Monday, June 04, 2007

The Price Of Safety

Over at The Astute Bloggers Avi Green is discussing the planned attack on JFK Airport in New York that was foiled by an informant who was recruited by the police with the offer of a lienient sentence on a drug crime.

Reliapundit has this to say in the comments:

if drugs were made legal as m simon wants then we'd lose this valuable stream of info.

seems to me we need the death penalty to have something to bargain down against; (without it there less leverage to get co-conspirators in some crimes to turn state's evidence), and we need a drug war to get criminals to turn into canaries.
To which I replied:
Of course. How could I be so stupid.

We need to support a program that does not accomplish what it is supposed to accomplish, persecutes the traumatized, is responsible for 1/2 the murders in the country, kills a few innocents every year in botched police raids, and is responsible for as much as much as 85% of the non-drug crime in order to prevent terrorist attacks. Because the FBI is otherwise incompetent to ferret out terrorists.
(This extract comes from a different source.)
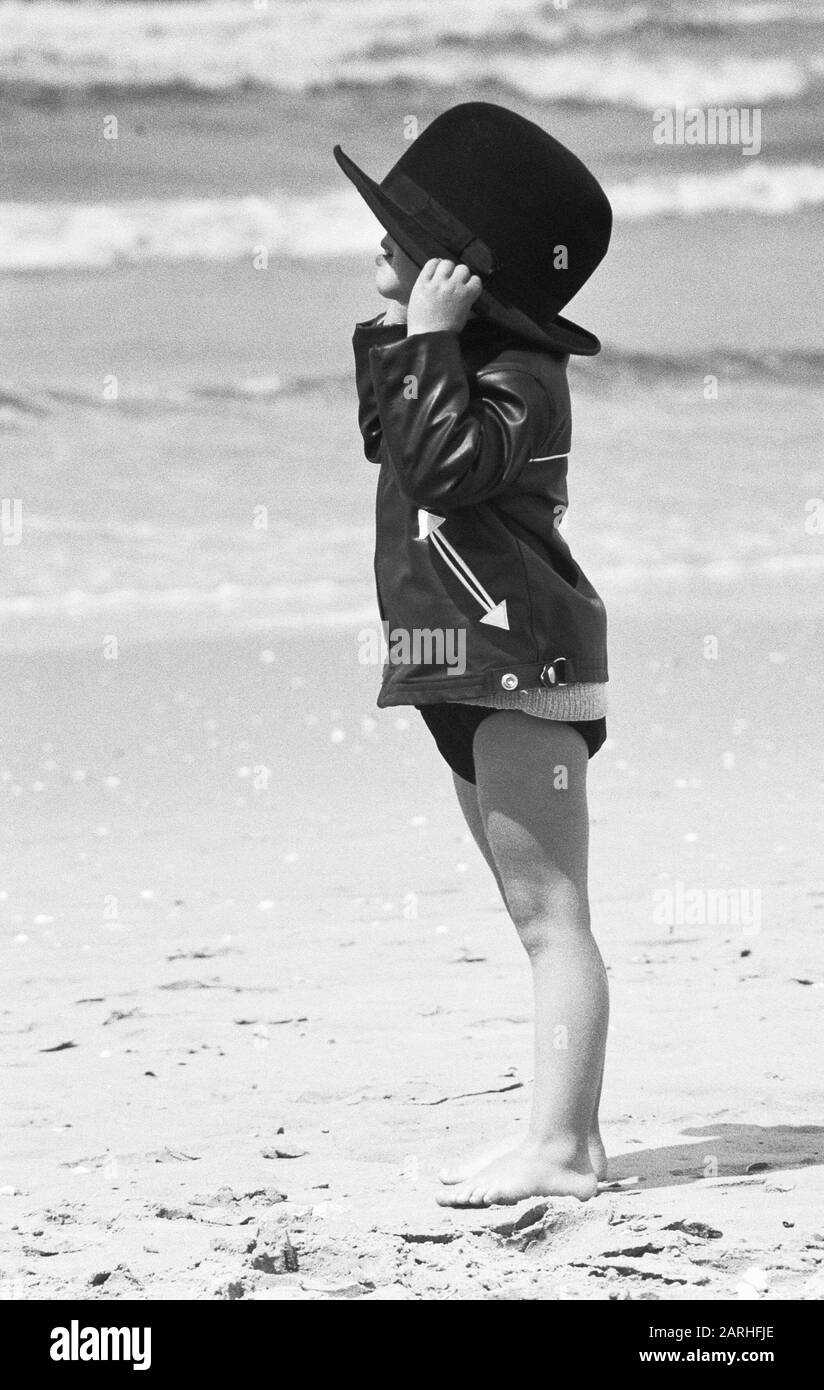 Estate 1960, Daantje armato di cappello da budello Data: 18 giugno 1960 Parole Chiave: Cappelli da budello, bambini Nome personale: Daantje Foto Stock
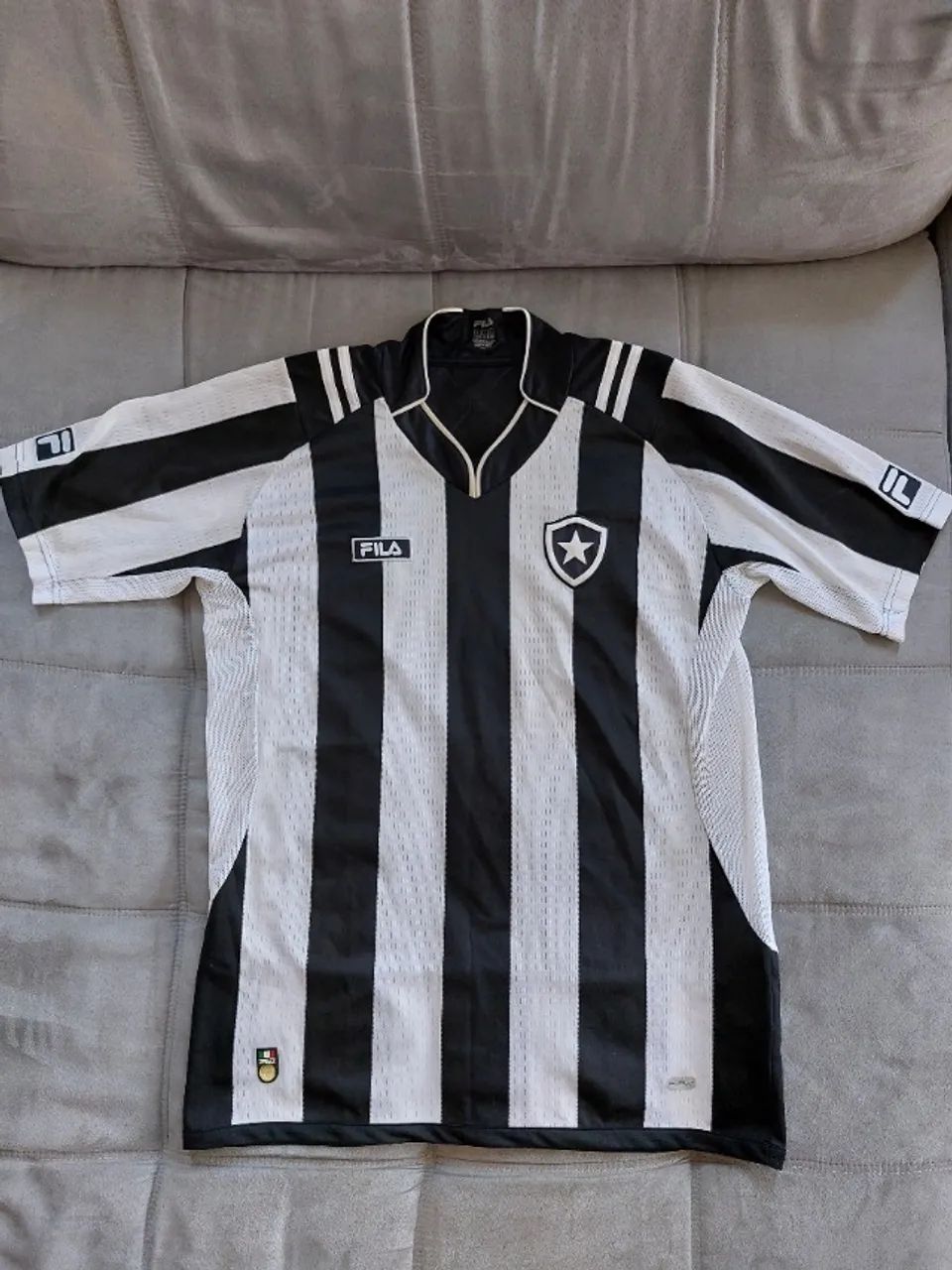Camisa do Botafogo Fila em ótimo estado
You know, I bet if we made guns illegal we could get a lot more informants on the street and really empower the secret police.

Tyranny will keep you safe from terrorism. But, is it a good idea?
Cross Posted at Classical Values and at The Astute Bloggers

2 comments:

Reliapundit said...

NAMBLA pedofiles often argue that the act isn't harmful or TRAUMATIC to the child - the CRIMINALIZATION is.

seesm like th=e same argument you make for drugs

jdgalt said...

There's an easy way to know for sure whether it's the "crime" or the law that causes side effects: look at places where the "crime" is legal. (In the case of drugs, the place to look is (a) before 1912, when most of them were legal, and (b) the Prohibition era, when many of today's "drug caused" problems, including gang violence, existed around alcoholic beverages because they were illegal.)

Any good university library has the evidence you'll need -- as well as a good explanation of the real motives, past and present, behind our drug laws. Hint: they're not about safety and never were.

As for the connection to terrorism, there's a much better one that I'm surprised bkmarcus didn't mention: as long as drugs are illegal, they're a huge potential source of money for terrorists, as well as for anyone else willing to risk his life fighting the US and its allies.